Key features of the application are:
- Voice dialing (by contact name or phone number)
- Address book, contact and call log management
- Text message management
- Dictation of text messages, using an Internet connection
- Calling contacts and initializing sending messages to contacts using Viber and WhatsApp
- Starting navigation to any desired location selected by voice, using Google Maps or Here WeGo
Additional functionalities of the application:
- The ability to carry out all the actions by touch, without the use of voice, if the user desires so
- Quick and easy activation of the application by shaking the phone
- Working without an Internet connection (except for the first launch and dictation of messages)
- Filtering contacts, messages and call logs by name or part of a name, messages by content, and call logs by type of call
- The application is specifically adapted to the Serbian language, so it is possible to use the names in their appropriate morphological word forms ("Pozovi Lučića" instead of "Pozovi Lučić"). The application supports both the Cyrillic and the Latin alphabets, as well as names written without using letters like 'č' and 'ć' (user can say "Lučić" even though it is written as "Lucic" in the address book)
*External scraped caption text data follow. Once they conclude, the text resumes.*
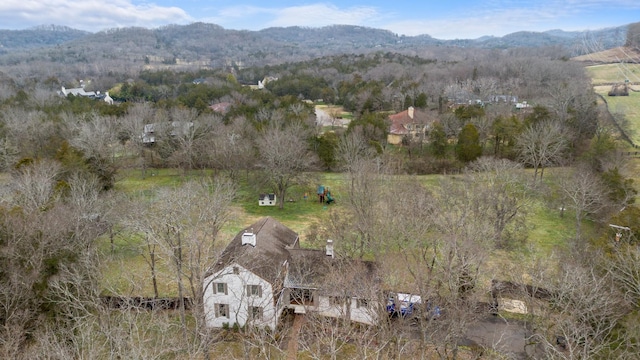 aerial view with a mountain view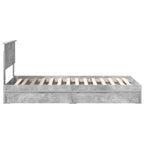 Storage Bed Concrete Grey 90 x 200 cm Engineered Wood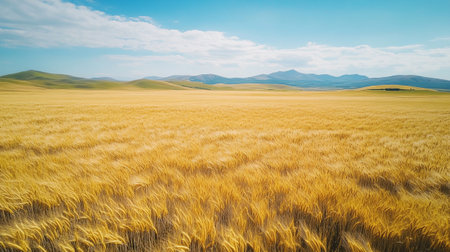 Wheat field and mountains in the background. Beautiful panoramic landscape.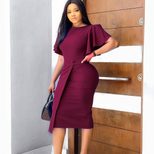 Plus Size Womens Pencil Skirt Elegant Ruffle Sleeve Bodycon Fit Fashionable for Office Wear Whol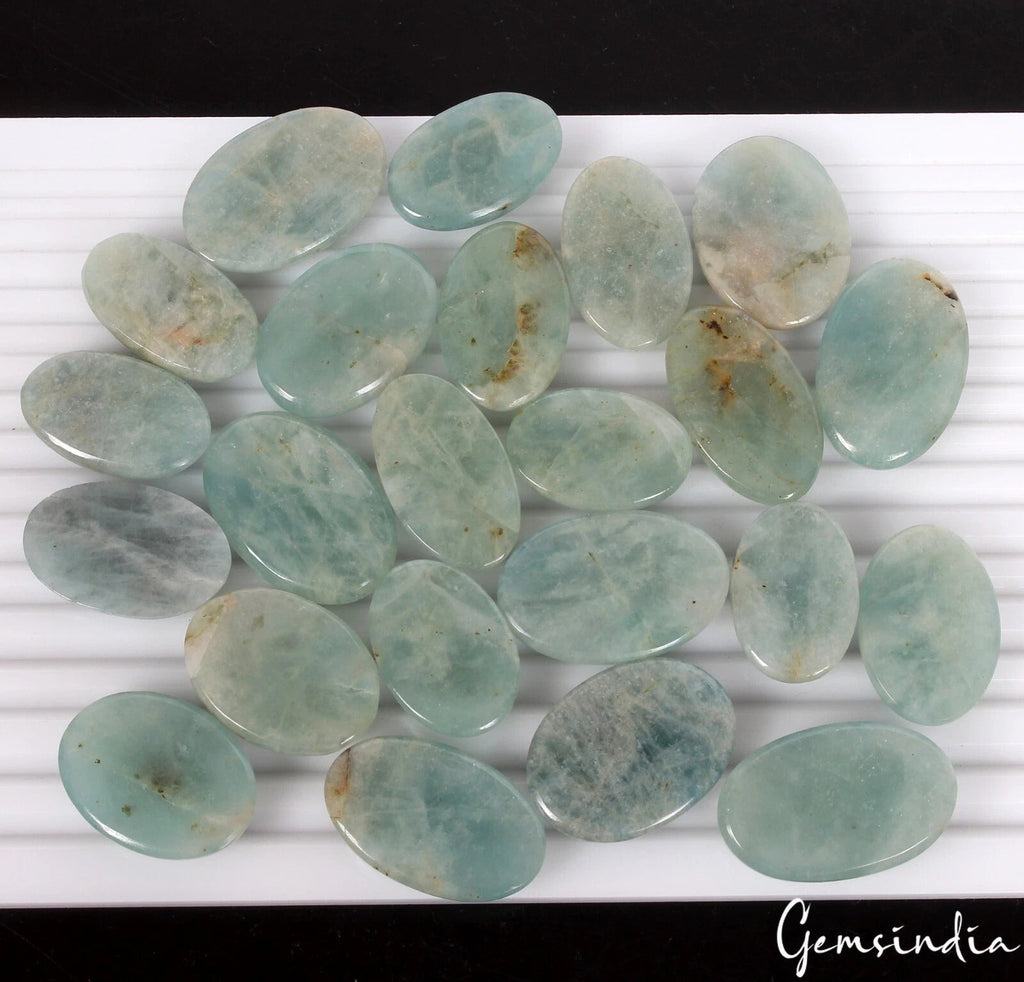 1060 Cts/23 Pcs Natural Untreated Blue Beryl Aquamarine Oval Cab Loose Gems Lot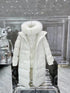 Moncler White Fur-Trim Hood Long Down Coat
- Automatic alphabet conversion when sending text messages
- You can set Axon Voice Assistant to be the default messaging application
Beta version of this application (1.3.14) is available from the following link: Download Axon - Voice Assistant
How it works
Dialog manager
This module is responsible for entire behavior of the system. It uses the output of the speech recognizer as its input, and performs the appropriate action.
A set of tasks is defined, with a precise specification of the information required for their execution. Some examples of these tasks are: calling a contact, sending a text message to a contact, etc.
If the system fails to recognize the verbal input, an appropriate message will be displayed for the user. If the user fails to provide all the necessary information, the system will ask additional questions.
Natural Language Understanding
The NLU module converts the user’s query into a form suitable to the dialog manager. For instance, if the query is recognized as 'Send a text message to Vesna Petrović', the dialog manager will receive: "command: SEND_SMS; contact: Vesna Petrović".
Natural Language Generation
The function of this module is dual to the function of the NLU module. Namely, it converts the information from the format suitable to the dialog manager into a sentence of the natural language.
Implementation of speech technologies on mobile platforms
Until recently, speech recognition was limited to small vocabularies and to the PC platform. The vocabulary of this application is significantly larger, and the software is optimized to conform to the resource limitations of mobile phone devices.
As for speech synthesis, our previous solutions were of high quality, but also restricted to a PC. Now we have developed a less resource demanding version compatible with the operating systems of smartphones. This was possible with a slight degradation of the quality of the synthesis, acceptable from the point of view of the target application.
Speech Recognition Accuracy
It is well known that a number of recognizers by renowned manufacturers function with insufficient accuracy, even for major languages, which leads to user frustration and dissatisfaction.
In order to increase recognition accuracy, the language model used for recognition is particularly tailored to suit the functionality used at a particular moment. For example, the user cannot open a contact from the address book and then call someone else. This more restrictive approach involves a certain (although very short) adjustment period, but it provides much more reliability.